Like the movie itself, the score, this time composed by Johnny Klimek, is anything but subtle. Except for the early scenes with Rutger and Katarina, like when they stop at the oasis and finally get to Wolf Creek and see the crater, where Klimek uses soft guitar and electronics to create a sense of beauty, tenderness, and wonder, the score is almost entirely doom-laden and unsettling. There are a number of times where you hear a really harsh brass that hammers home Mick's evil and unrelenting nature, including during the chase scenes, which are scored to be as effectively thrilling as possible. In addition, electronic, synthesizer sounds are used in some instances to bring about that elemental, untouchable feeling that Mick has to him, as well as continually allude to how mercilessly hopeless Paul's situation is. And the climax in Mick's lair is scored to be just as disturbing and unsettling as the place itself. As I mentioned before, there are many instances where a song will either play on the soundtrack or within the film itself, to the point where it actually becomes the score for the scene. I already mentioned how Born To Be Wild plays during the opening montage, Mick turns on the truck's radio and it plays The Lion Sleeps Tonight during the middle of the chase, and the Blue Danube Waltz is heard on a record in Jack and Lil's house when Mick gets inside and murders them both. Other examples include Slim Dusty's When the Rain Tumbles Down in July, which is playing on the radio in Mick's truck when he's pulled over; Patsy Cline's I Fall To Pieces when Mick is butchering Rutger; Trembling Hands by The Temper Trap when Paul is first introduced; and Caro Nome, the operatic piece, which is what first plays on the record in Jack and Lil's home, and is also heard over much of the ending credits, which is kind of eerie.

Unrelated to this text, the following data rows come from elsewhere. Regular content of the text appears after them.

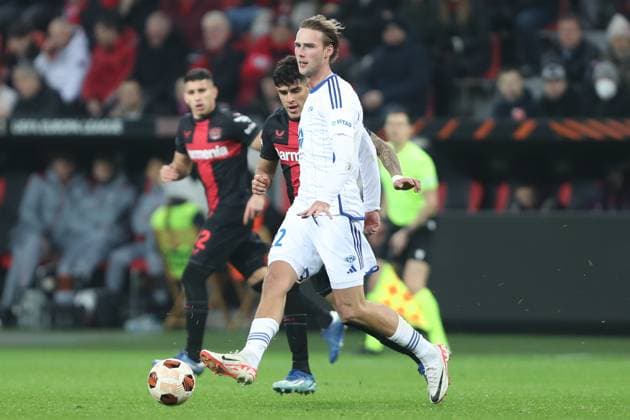 Germany, Leverkusen, 14 12 2023, BayArena, Bayer Leverkusen vs Molde FK UEFA Europa League 2023 2024 Group H, Magnus Grodem Molde FK controls the ball Leverkusen BayArena North Rhine Westfalia Germany eu-images-678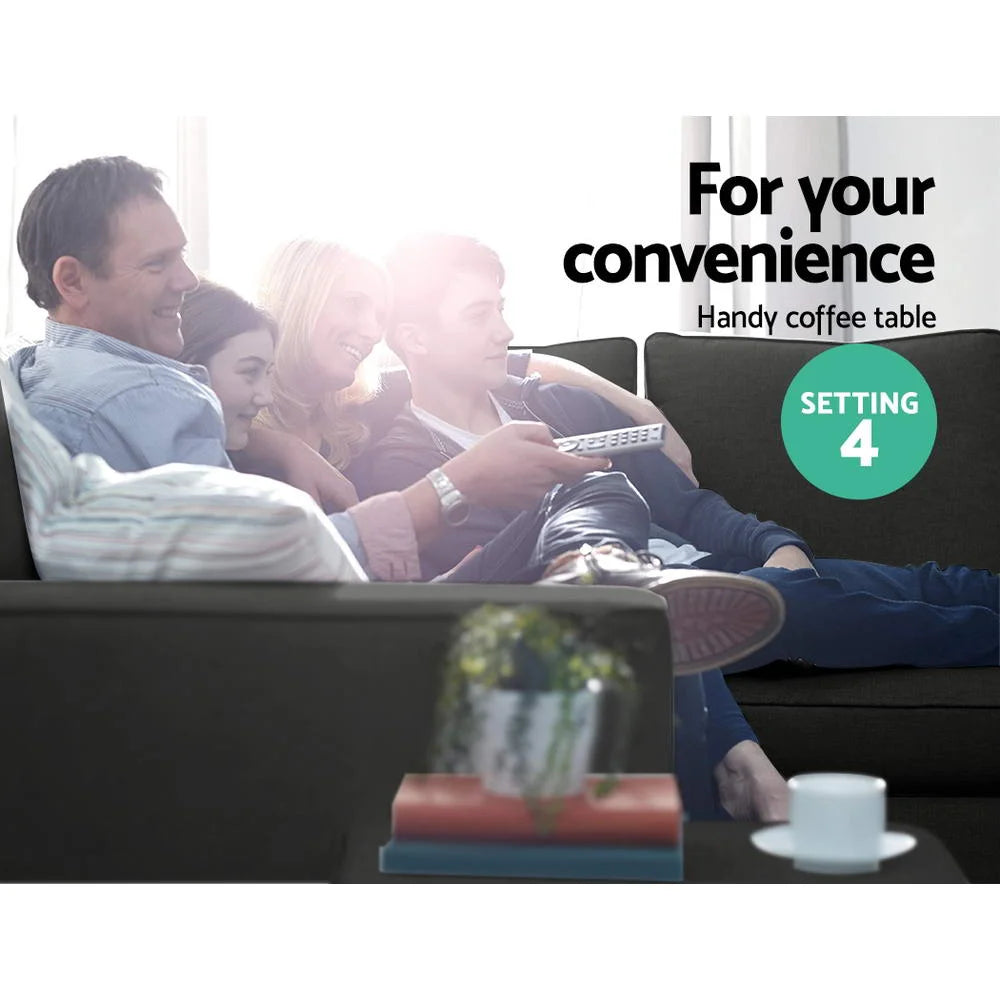 Sofa Lounge Set 4 Seater Chaise Chair Couch Fabric Dark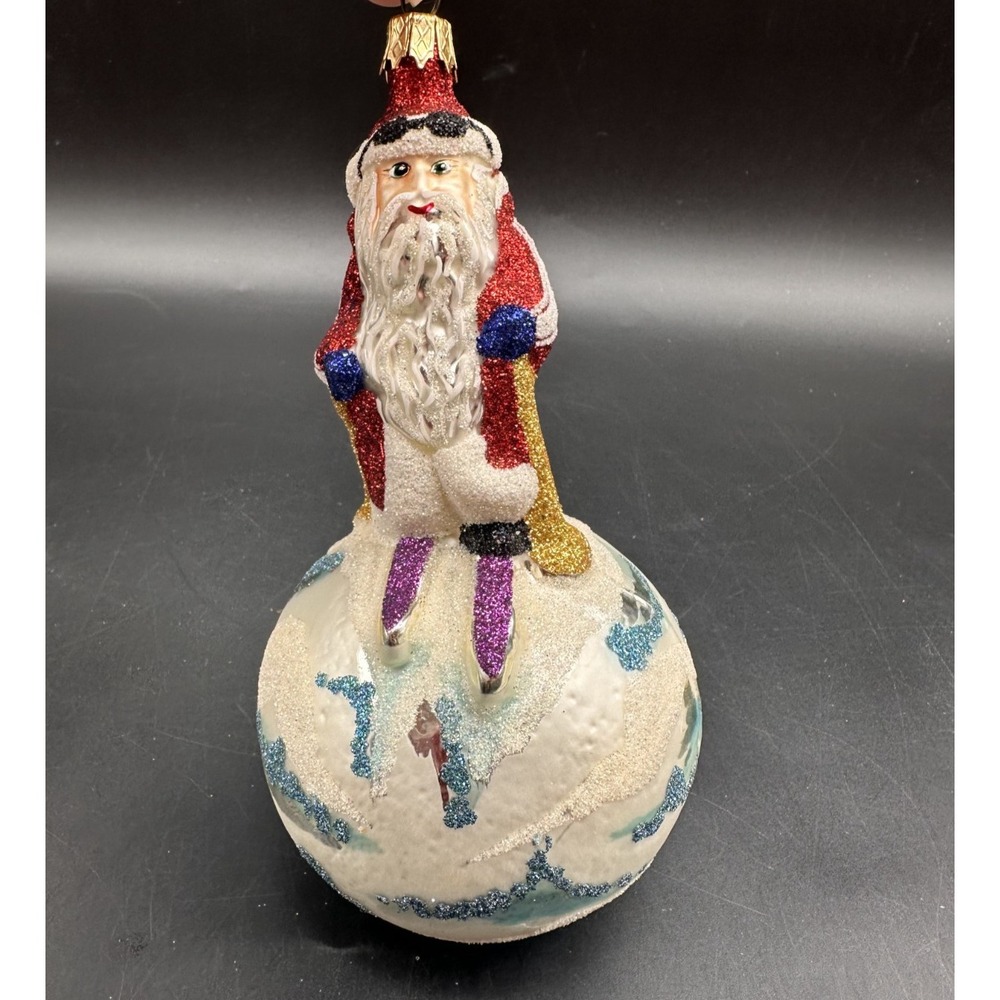 LARRY FRAGA SKIING SANTA ORNAMENT 6" SKIING ON TOP OF THE WORLD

If the first Wolf Creek was maybe a little too slow-paced and not nearly as nasty as you may have liked, Wolf Creek 2 will definitely be more up your alley. It's a much faster-paced, unrelenting flick, one where John Jarratt gets to go all in as the depraved and sadistic Mick Taylor, and it also has good performances from the other actors, is well-shot and directed, has a number of exciting chase sequences, insanely gory death scenes, horrific visuals and scenes of torture, and effective music score and soundtrack. But, there's little reason for its existence other than an apparent attempt to outdo the first in terms of violence and nihilism, and as entertaining as Jarratt is, there's a mean-spirited nature here that makes the first look like nothing. After a while, it gets exhausting to see Paul get chased, terrorized, and tortured for nearly two hours, and then, while Mick doesn't kill him, his ultimate fate is just cruel, to say the least. In short, it's an entertaining, fast-paced horror flick, but be prepared for no mercy at all.